Here, tires are burned at a very high temperature without oxygen to decompose them into steel, carbon black, and fuel oil. So far, this technology is still limited because it’s financially unsustainable. Sad…

Back on the Road

One common way used tires are recycled is by turning them into new tires. Specifically, some old tires can be retreaded. This involves placing a new tread layer over the outer surface of the tire. As of 2013, there were 14.9 million retreaded tires sold in the US annually. This process is usually aimed at commercial tires like bus, aircraft, and tractor tires.

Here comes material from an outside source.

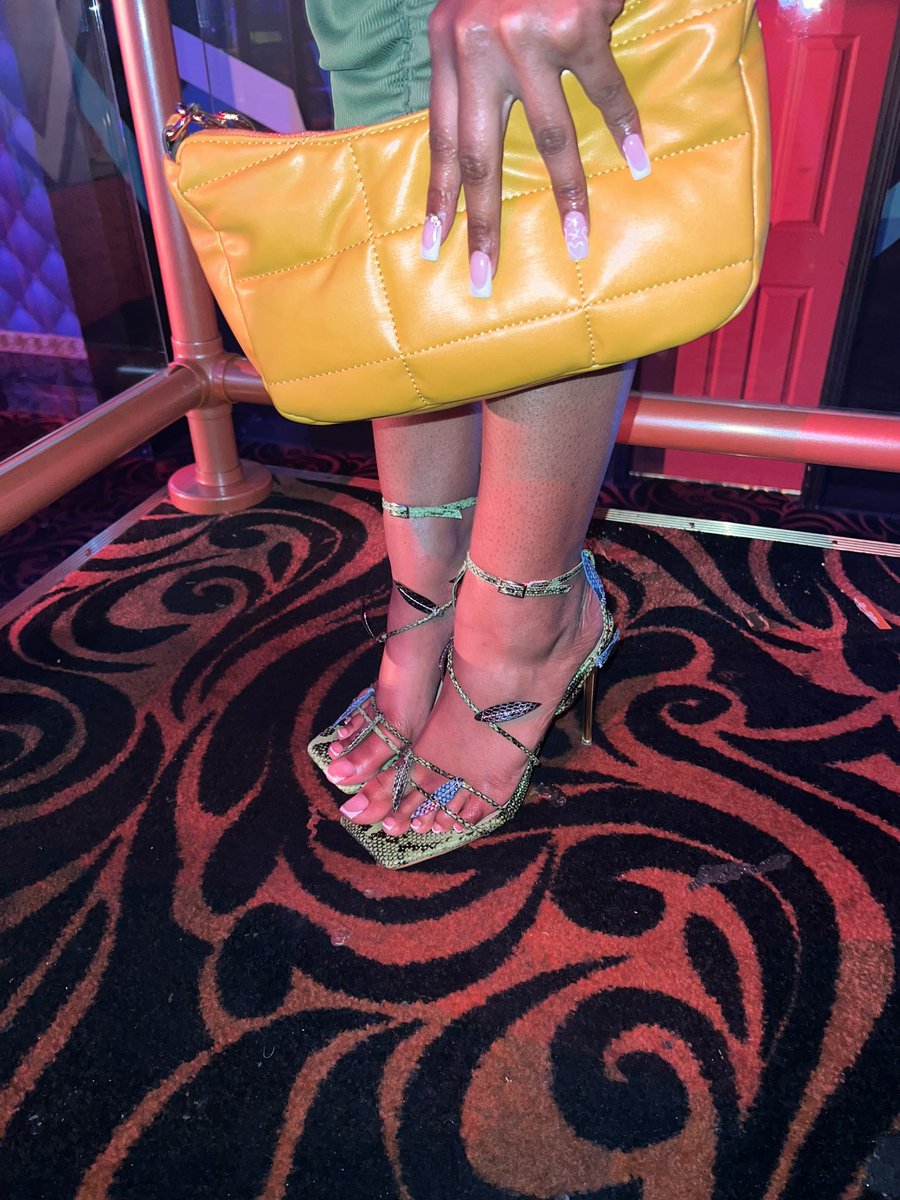 thatsaniyah_'s tweet image. Should be a series, cause my body causing a scene 😅💚 #chapter24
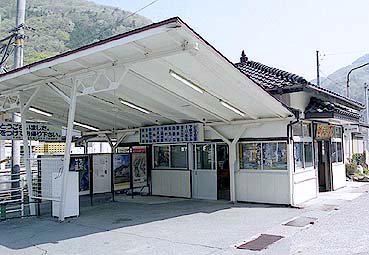 ��������w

Even though retreaded tires are only 30% to 70% of the price of a new tire from a comparable manufacturer, very cheap imported tires have severely cut into the market for them among passenger cars.


Life After Death

As the image of the old tire swing hanging from a tree limb shows, whole tires can be put to all sorts of creative uses. In this form, they can be used as bumpers on docks or along race tracks. They have also been tightly packed with dirt and stacked like concrete blocks to form the walls of houses. Other projects involve burying them half-way on end along beaches to prevent erosion.

Tires can even be used to help establish artificial reefs, but special care has to be taken to keep them anchored in place. In the 1970s, a project called the Osborne reef was launched off the Florida coast. Used tires were bound together with steel wires and dumped at the site. After the wiring quickly rusted away, ocean currents tossed the loose tires around. Coral couldn’t establish itself on them, and they destroyed surrounding natural reefs by drifting into them.

Bits and Pieces

Roughly 35 million scrap tires are cut, stamped, shredded, or ground into fine crumbs for various uses each year. They have cut into strips and pieces for things like sandals, floor mats, belts, and gaskets. Strips have been woven together for use as highway sub-base material. In shredded form, they are commonly used as a sub-layer around playground equipment. This material is also used for backfill, porous spacing around drainage tiles, and as a sound-absorbing substance mixed with concrete for sound barriers. Finally, when it’s in crumb form, tire rubber can be mixed with binders to make everything from speed bumps to sound-absorbing pavements. It’s even used as a protective covering for concrete and steel railroad ties that are 200% more durable than traditional wooden ties.